I'm gonna be completely honest with you here. If my life is taken from me by a friggin dragon...well...I am cool with that. I mean obviously I was doing something pretty hardcore to be killed by a dragon.


----------



## Zowie (Jun 14, 2010)

BigChaz said:


> I'm gonna be completely honest with you here. If my life is taken from me by a friggin dragon...well...I am cool with that. I mean obviously I was doing something pretty hardcore to be killed by a dragon.



Or it'll just be some shitty reptile-transmitted disease. 
I refuse to get shots for "iguana fever" or whatnot.


----------



## WillSpark (Jun 14, 2010)

Gotta look out for those RTDs. They're a bitch.


----------



## BigChaz (Jun 14, 2010)

bionic_eggplant said:


> Or it'll just be some shitty reptile-transimitted disease.
> I refuse to get shots for "iguana fever" or whatnot.



How many iguanas do I have to sex before I start incubating?


----------



## Zowie (Jun 14, 2010)

BigChaz said:


> How many iguanas do I have to sex before I start incubating?



I believe you get it by proximity only. Sexing the iguanas is the only known cure.


----------



## BigChaz (Jun 14, 2010)

bionic_eggplant said:


> I believe you get it by proximity only. Sexing the iguanas is the only known cure.



Ah. That explains why I am not incubating the next pandemic!


----------



## Zowie (Jun 14, 2010)

BigChaz said:


> Ah. That explains why I am not incubating the next pandemic!



Oh Lord.

I wanted to draw this... But I can't stop laughing. Not to mention iguanas are hard to draw.


----------



## WillSpark (Jun 14, 2010)

bionic_eggplant said:


> Oh Lord.
> 
> I wanted to draw this... But I can't stop laughing. Not to mention iguanas are hard to draw.



Okay remember how I said I wish I was cool enough to be drawn as a furry? I take it back...just don't make me the iguana getting reamed.


----------



## CastingPearls (Jun 14, 2010)

stldpn said:


> I'm more concerned with the dolphins caught in tuna nets... but I just can't say no to those tuna salad sandwichs.
> 
> Tasty tasty tuna melts:eat2:


<with that oh so delicate dolphin tang>


----------



## Zowie (Jun 14, 2010)




----------



## WillSpark (Jun 14, 2010)

bionic_eggplant said:


>



Dammit all


----------



## BigChaz (Jun 14, 2010)

bionic_eggplant said:


>



Haha, awesome. You rock.

Also, I have been here for years and never had an avatar until now, so thanks!


----------



## CastingPearls (Jun 14, 2010)

BBR iz coming to get yoo


----------



## Zowie (Jun 14, 2010)

You guys are the best. I wish I had spent more than two minutes on it now, though.


----------



## JenFromOC (Jun 14, 2010)

WillSpark said:


> Chaz, Jen, why doncha just f&%k already?
> 
> Aaanywho. Anyone know about this?
> 
> ...



How do you know we haven't fucked already?


----------



## djudex (Jun 14, 2010)

Because Chaz's brain would have melted.


----------



## WillSpark (Jun 14, 2010)

djudex said:


> Because Chaz's brain would have melted.



Yeah. Pretty much this.


----------



## Fat Brian (Jun 14, 2010)

bionic_eggplant said:


>




Is this a furry sub-type called a scaly ?


----------



## WillSpark (Jun 15, 2010)

Fat Brian said:


> Is this a furry sub-type called a scaly ?



Unfortunately, I know the answer to this. And yes, reptiles are called "scalies" by the furry community.


----------



## Paquito (Jun 15, 2010)

WillSpark said:


> Unfortunately, I know the answer to this. And yes, reptiles are called "scalies" by the furry community.

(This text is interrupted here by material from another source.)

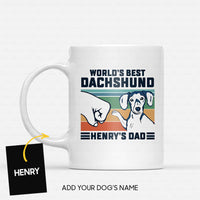 Thumbnail for Custom Dog Mug - Personalized World's Best Dachshund Dad Gift For Dad - White Mug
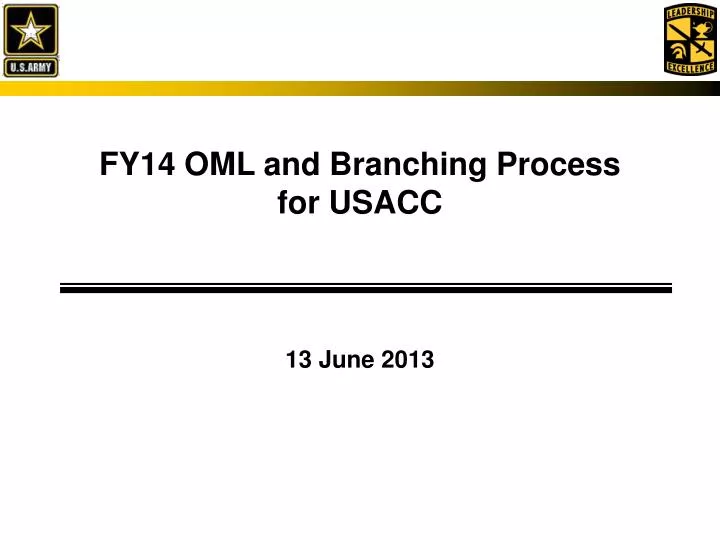 fy14 oml and branching process for usacc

Your avatar seems all the more appropriate now.


----------



## Fat Brian (Jun 15, 2010)

WillSpark said:


> Unfortunately, I know the answer to this. And yes, reptiles are called "scalies" by the furry community.




Wow, I guess I stumbled in to some truth there. I was just being a smart ass. Its all out there folks.


----------



## WillSpark (Jun 15, 2010)

free2beme04 said:


> Your avatar seems all the more appropriate now.



Hey, you with the lion face. Shut Up!


----------



## Paquito (Jun 15, 2010)

WillSpark said:


> Hey, you with the lion face. Shut Up!



Did I ruffle your scales?


----------



## Esther (Jun 15, 2010)

dRaGoN pNeUmOnIa


----------



## extra_fat_guy (Jun 15, 2010)

WillSpark said:


> Dammit all



It could be worse Will. She could have put you with the Marshmallow Dragon.


----------



## LovesBigMen (Jun 15, 2010)

This board has become amazingness .
awesome people!!!!!:happy:


----------



## veil (Jun 15, 2010)

BigChaz said:


> Let me be the swine in your flu, baby doll.



what popped in my head:

I WILL BE YOUR SWINE FLU BABY
PUT YOUR TINY HAND IN MINE


who even knows man


----------



## Esther (Jun 15, 2010)

extra_fat_guy said:


> It could be worse Will. She could have put you with the Marshmallow Dragon.



hahahahahahaaa


----------



## veil (Jun 15, 2010)

extra_fat_guy said:


> It could be worse Will. She could have put you with the Marshmallow Dragon.



pppffffhahahahhaa


----------



## WillSpark (Jun 15, 2010)

extra_fat_guy said:


> It could be worse Will. She could have put you with the Marshmallow Dragon.



Okay, okay. Fair 'nuf. That was brilliant.


----------



## CarlaSixx (Jun 15, 2010)

This thread is made of Epic Win.


----------



## extra_fat_guy (Jun 15, 2010)

WillSpark said:


> Okay, okay. Fair 'nuf. That was brilliant.



I have my moments. But Esther posting dRaGoN pNeUmOnIa made me think of it.


----------



## Hozay J Garseeya (Jun 15, 2010)

well shit . . . if everyone else is putting up there cool Avatars I am too. I just didn't because I didn't want to make you guys jealous.


----------



## JenFromOC (Jun 15, 2010)

I don't even have a damn avatar...I'm just a turd face. And single. LOL


----------



## djudex (Jun 15, 2010)

JenFromOC said:


> I don't even have a damn avatar...I'm just a turd face. And single. LOL



Don't feel too bad, I don't have a cool avatar cartoon picture either and I'm also single.

We should start a club!


----------



## Sasquatch! (Jun 15, 2010)

Or we could just ask Eggplant nicely to draw us one


----------



## Zowie (Jun 15, 2010)

Too many people I need to quote... But well, wow, thanks everyone! 

And yes, I do requests, should anyone want one. I'll even format it and all that shit. Actually, Jen almost ended up in the last cartoon, with her "Stop cheating on me!". But I got lazy. Sorry, Jen...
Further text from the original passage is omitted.